We use LLMs to build a regression model that can process numerical data and make probabilistic predictions at arbitrary locations, guided by natural language text which describes a user's prior knowledge.

摘要

关键词
Large Language ModelsProbabilistic RegressionIn-context Learning

评审与讨论

审稿意见
6

This paper focuses on the setting where the goal is to use LLMs to make numerical predictions, as these models can be grounded by the provision of side-information (given in text) as well as other information that may be learned during their pretraining.

They propose LLM Processes, an approach to apply LLMs to numerical tasks, such as density estimation and multivariate time series tasks. In computing their densities over continuous valued numerical inputs, they employ binning as is done in LLMTime, although they do not rescale to remove decimal points. They also add an additional terminal special token (<t>). In selecting their input prompt formats, they use separators between each x, y and (x,y) pair, order points by distance to the current point, scale the y values to be closer to [0, 1] and not incorporate -1 values.

On many 1D synthetic tasks, LLMP demonstrates matching or better performance when compared to GPs with a RBF kernel. Their approach outperforms the most related baseline of LLMTime in terms of both NLL and MAE in predictions on a Weather time series benchmark. Their experiments also outperform a GP (with RBF kernel) on a multidimensional input/output task of simultaneous temperature, rainfall and wind speed regression task.

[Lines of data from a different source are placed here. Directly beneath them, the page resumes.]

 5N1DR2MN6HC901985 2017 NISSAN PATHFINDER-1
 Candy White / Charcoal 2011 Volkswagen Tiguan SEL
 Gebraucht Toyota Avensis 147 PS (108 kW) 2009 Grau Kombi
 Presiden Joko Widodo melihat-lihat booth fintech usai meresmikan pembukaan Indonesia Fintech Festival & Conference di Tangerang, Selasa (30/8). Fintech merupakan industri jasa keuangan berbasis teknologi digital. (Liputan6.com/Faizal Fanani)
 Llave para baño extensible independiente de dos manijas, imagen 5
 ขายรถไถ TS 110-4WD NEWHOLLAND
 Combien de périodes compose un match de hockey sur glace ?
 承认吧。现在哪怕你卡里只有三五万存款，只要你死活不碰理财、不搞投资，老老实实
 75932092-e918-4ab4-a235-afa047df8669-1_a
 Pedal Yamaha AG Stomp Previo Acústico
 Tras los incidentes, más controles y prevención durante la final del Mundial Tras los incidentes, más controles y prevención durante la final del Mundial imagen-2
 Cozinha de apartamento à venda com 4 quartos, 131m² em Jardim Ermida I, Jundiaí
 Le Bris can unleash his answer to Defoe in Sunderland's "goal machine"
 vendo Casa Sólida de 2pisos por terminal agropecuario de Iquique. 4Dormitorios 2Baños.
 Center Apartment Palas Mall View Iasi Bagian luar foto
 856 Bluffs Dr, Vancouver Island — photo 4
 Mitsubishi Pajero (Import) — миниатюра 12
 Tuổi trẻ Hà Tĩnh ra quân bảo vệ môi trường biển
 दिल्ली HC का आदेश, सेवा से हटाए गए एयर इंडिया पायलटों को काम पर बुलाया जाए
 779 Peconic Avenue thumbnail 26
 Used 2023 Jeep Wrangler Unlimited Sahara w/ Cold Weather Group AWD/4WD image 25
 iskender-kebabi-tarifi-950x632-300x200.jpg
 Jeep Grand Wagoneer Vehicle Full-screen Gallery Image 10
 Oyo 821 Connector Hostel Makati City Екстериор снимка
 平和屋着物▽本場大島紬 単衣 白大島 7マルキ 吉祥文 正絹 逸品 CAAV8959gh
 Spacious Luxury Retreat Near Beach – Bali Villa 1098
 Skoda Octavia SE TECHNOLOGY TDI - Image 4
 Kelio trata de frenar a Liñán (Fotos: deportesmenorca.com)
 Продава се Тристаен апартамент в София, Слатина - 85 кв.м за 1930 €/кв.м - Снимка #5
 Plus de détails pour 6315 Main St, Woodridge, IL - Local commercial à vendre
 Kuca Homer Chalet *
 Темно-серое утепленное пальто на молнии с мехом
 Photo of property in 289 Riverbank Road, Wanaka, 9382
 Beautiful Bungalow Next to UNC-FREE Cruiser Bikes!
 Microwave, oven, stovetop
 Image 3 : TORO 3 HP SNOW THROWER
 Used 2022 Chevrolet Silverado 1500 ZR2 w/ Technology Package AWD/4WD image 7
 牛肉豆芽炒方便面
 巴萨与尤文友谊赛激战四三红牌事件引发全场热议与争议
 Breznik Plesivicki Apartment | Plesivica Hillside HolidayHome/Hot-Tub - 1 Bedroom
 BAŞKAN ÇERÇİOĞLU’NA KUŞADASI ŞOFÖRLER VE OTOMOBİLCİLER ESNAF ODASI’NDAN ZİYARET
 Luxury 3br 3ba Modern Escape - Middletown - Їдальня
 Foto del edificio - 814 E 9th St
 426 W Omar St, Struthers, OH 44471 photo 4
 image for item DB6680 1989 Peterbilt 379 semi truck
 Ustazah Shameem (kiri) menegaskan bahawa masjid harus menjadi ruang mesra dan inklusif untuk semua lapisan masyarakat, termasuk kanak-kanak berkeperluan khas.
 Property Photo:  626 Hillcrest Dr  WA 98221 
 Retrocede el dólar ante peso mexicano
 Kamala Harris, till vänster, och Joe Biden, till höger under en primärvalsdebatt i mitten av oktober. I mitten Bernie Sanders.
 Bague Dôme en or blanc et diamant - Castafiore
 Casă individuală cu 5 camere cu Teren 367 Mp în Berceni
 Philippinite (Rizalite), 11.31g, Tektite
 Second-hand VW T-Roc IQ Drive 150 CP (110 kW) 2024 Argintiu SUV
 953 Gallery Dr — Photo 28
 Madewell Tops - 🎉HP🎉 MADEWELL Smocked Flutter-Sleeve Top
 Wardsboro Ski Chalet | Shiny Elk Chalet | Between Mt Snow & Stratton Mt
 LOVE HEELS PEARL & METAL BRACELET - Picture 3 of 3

They also provide experiments looking at the ability of LLMP to handle textual information (alongside numerical inputs); they provide descriptions of the numerical features, which cannot be used in baseline forecasting approaches that do not understand text.

优点

  1. Good empirical results showing that the proposed approach improves over the baselines of LLMTime and a BP with an RBF kernel across a variety of univariate and multivariate forecasting tasks.
  2. Ablations supporting particular choices for input formatting and scaling

缺点

Slightly unclear in the evaluation; please see questions below.

问题

  1. It’s not immediately clear to me what the takeaways from Figure 9 are. What are the axes for each of the subplots?
  2. My current understanding is that incorporating some additional textual information should meaningfully change the predictive distribution, which seems to occur. Is there any way to measure how correct this change in distribution is?
  3. For instance, in Figure 9d, it seems that the median from 5 random samples seems to be roughly constant (around 2.5-3), which does not seem to match the ground truth values in 9f. Is this case just a failure of the LLM Process?

局限性

Yes, limitations are adequately addressed.

作者回复

Thanks for taking the time to review our paper and for the positive words about our contributions. We address your questions below.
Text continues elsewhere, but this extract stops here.